The BFU state is more secure than AFU.
Even if you somehow live in a jurisdiction with a perfect justice system, that doesn't mean everyone else is.
Whos justice system? Lots of countries represented on HN. Many with questionable systems.
Law enforcement keeping hold of my phone for 3 days is simply not a realistic problem for me. Coming back to an annoyingly locked phone after forgetting it for a weekend very much is. The chances of law enforcement wanting anything with it are low enough that dealing with an extra unlock is more likely to be an impactful issue, even considering the potential impact that law enforcement or others stealing it could have.
That's what cops and spooks would like to have you think.
It's not a problem, until it suddenly is.
It is?
I mean, my iPhone asks me for my passcode every 7 days anyways. And that's the only thing that happens on reboot anyways.

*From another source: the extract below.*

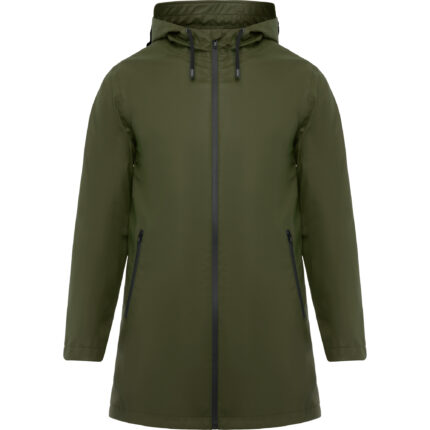 VERDE MILITAR OSCURO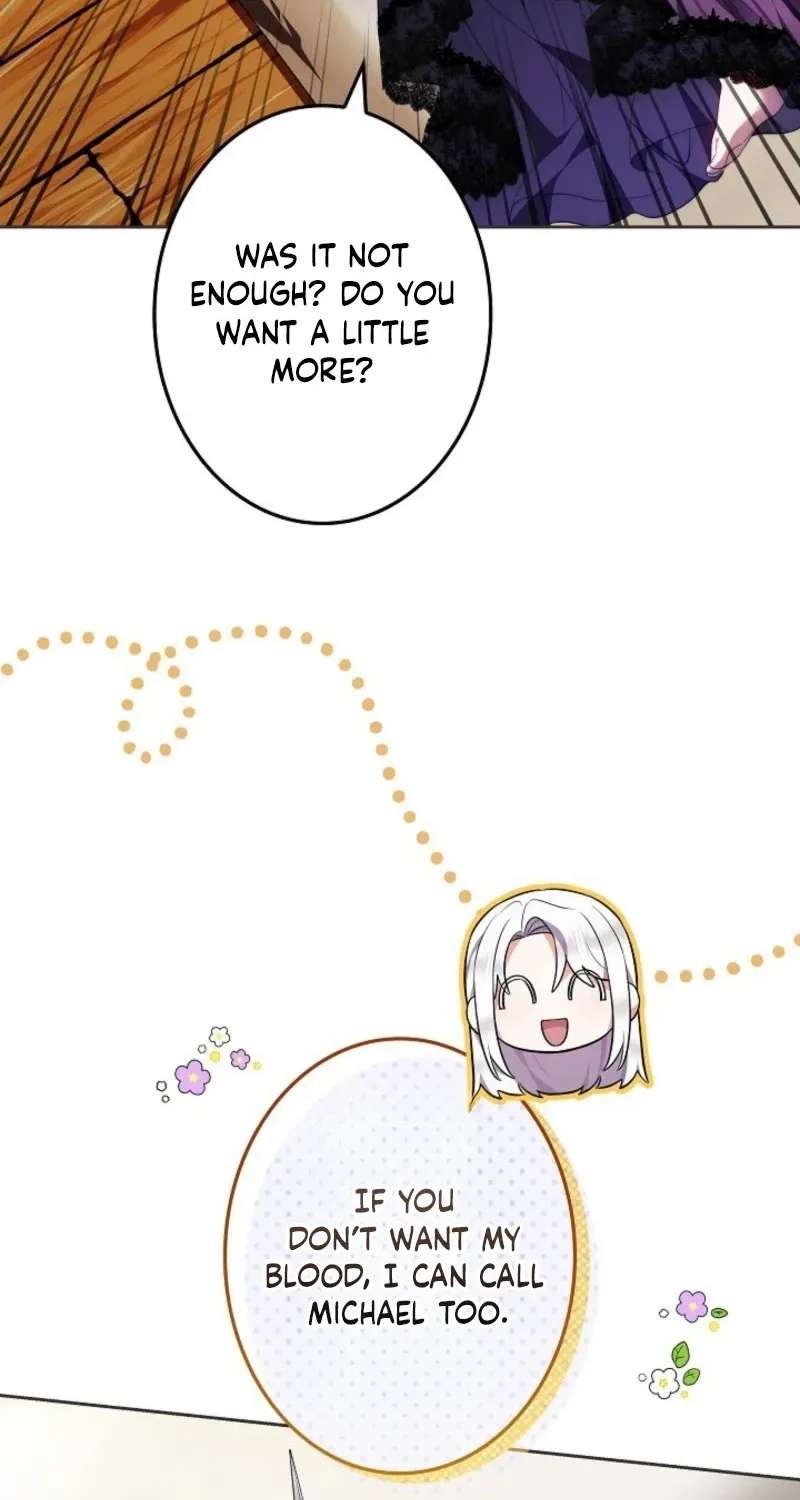 The Final Boss Wants to Die Chapter 19 - page 96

Also, you forget your phone for a weekend? How do you do anything during that weekend, like keep in touch with loved ones, get driving directions, pull up a boarding pass, check for delays, look up restaurants?
Easy, do what we did before mobile phones—civilization existed for thousands years and worked quite well without them (Rome built an empire sans mobile phones, so did the English). We even ran and coordinated the largest and most organized event in human history—WWII—without them!
Some of us have not yet succumbed to phone addiction (I often go for quite some days without using a phone and still have a normal life).
When you say civilization worked quite well for thousands of years, as an argument against mobile phones, I'm not sure you've quite thought your argument through... I don't think you'd want to be most people in most of those civilizations ;) Or maybe it's always been your dream to be a Russian serf?
Why not flush something properly in the RAM instead to wipe the "cached" secrets?
A full restart feels like an overkill.
A full restart guarantees that everything will be wiped.
https://blogs.dsu.edu/digforce/2023/08/23/bfu-and-afu-lock-s...
Restart - simple with known and predictable effects, data no longer accessible, all secrets flushed no matter where they were or cached.
Turn off disk encryption, suspend all running services, overwrite all secrets in the O/S wherever they are, and then restore all that on entering password. Probably can't do anything about secrets cached by actual apps. Complex, hard to maintain and probably buggy.